Data for analysis START

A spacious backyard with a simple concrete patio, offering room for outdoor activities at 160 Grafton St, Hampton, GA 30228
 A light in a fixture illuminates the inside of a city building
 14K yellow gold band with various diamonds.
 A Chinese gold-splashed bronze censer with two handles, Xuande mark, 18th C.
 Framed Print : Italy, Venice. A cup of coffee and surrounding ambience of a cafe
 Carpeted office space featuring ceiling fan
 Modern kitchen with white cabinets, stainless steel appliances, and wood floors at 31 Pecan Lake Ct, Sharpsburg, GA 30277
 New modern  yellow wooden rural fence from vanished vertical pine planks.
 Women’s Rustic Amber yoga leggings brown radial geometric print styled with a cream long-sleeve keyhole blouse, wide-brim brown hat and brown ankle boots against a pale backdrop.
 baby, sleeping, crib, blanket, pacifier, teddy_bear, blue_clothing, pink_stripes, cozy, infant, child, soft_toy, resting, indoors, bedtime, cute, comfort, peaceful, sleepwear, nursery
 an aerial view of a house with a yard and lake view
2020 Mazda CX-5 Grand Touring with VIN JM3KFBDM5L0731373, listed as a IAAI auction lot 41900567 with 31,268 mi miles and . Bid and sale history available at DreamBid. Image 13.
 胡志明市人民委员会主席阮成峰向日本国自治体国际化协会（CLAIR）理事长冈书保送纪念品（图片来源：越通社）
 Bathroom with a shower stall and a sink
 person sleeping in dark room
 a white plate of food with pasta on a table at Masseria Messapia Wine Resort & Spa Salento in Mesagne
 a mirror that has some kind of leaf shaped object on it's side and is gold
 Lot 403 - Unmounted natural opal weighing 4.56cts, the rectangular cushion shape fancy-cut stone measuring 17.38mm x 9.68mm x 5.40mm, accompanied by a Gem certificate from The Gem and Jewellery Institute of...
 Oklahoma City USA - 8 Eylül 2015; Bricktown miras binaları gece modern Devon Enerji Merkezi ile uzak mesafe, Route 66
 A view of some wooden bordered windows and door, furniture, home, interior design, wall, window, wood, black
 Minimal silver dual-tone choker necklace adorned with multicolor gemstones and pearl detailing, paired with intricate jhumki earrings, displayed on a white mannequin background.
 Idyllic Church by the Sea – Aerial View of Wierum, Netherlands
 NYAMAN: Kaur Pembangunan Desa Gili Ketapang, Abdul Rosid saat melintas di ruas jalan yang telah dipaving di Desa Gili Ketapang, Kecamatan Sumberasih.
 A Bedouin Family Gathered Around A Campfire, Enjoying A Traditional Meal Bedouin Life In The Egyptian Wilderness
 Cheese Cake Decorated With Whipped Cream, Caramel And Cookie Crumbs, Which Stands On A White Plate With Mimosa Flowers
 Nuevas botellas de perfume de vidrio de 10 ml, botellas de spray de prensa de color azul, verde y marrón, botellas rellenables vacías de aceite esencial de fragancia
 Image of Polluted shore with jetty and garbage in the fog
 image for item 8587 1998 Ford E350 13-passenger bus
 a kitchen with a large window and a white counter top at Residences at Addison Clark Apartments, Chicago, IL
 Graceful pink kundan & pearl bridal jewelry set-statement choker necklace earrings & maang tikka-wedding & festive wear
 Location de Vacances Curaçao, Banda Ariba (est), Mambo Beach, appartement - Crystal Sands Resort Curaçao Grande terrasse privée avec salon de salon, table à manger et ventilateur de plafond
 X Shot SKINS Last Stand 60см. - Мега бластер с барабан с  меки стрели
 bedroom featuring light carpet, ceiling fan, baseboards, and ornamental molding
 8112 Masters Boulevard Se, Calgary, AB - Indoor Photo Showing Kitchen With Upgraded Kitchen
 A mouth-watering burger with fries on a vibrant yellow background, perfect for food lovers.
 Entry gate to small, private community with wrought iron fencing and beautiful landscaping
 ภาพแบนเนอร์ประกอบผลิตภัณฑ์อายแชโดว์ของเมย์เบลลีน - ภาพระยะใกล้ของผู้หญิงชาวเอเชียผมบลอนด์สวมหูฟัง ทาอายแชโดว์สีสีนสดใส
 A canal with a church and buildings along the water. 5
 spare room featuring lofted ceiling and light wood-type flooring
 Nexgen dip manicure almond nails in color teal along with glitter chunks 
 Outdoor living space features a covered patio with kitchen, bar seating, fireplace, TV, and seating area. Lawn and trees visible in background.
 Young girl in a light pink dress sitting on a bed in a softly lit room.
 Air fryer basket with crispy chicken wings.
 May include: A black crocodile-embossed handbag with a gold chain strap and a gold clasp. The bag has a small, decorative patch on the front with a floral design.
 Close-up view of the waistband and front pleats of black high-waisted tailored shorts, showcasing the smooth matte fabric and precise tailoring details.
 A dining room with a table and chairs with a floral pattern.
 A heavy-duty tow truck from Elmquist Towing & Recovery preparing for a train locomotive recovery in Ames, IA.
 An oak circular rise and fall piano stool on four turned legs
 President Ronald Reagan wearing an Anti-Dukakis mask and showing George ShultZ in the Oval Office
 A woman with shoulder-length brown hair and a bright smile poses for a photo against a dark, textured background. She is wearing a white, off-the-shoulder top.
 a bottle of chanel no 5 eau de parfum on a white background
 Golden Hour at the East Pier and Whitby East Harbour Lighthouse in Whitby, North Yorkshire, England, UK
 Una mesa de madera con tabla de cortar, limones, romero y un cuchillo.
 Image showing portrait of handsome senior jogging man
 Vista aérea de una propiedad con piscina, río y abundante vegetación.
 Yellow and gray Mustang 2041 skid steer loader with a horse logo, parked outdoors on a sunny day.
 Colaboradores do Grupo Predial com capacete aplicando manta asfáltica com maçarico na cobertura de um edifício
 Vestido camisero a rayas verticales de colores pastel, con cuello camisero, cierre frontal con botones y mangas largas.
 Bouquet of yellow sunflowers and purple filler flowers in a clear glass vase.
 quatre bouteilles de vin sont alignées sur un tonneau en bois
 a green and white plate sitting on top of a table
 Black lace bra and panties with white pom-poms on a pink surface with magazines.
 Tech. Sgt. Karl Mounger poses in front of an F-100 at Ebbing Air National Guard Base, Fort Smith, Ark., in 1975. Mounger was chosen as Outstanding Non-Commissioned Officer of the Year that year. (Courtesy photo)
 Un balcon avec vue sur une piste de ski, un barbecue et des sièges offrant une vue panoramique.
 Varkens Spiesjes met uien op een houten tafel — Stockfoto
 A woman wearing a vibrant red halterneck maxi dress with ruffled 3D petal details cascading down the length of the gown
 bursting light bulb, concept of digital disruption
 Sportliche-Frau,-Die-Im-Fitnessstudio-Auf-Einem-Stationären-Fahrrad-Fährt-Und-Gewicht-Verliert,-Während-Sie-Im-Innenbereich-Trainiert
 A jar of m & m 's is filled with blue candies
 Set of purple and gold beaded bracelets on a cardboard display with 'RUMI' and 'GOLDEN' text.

Data for analysis END

#### Exercise aim:
Look above for the line holding "A view of some", then set down exactly that line and every line after it up to and including the line holding "Idyllic Church by", with nothing else.

#### Solved problem:
 A view of some wooden bordered windows and door, furniture, home, interior design, wall, window, wood, black
 Minimal silver dual-tone choker necklace adorned with multicolor gemstones and pearl detailing, paired with intricate jhumki earrings, displayed on a white mannequin background.
 Idyllic Church by the Sea – Aerial View of Wierum, Netherlands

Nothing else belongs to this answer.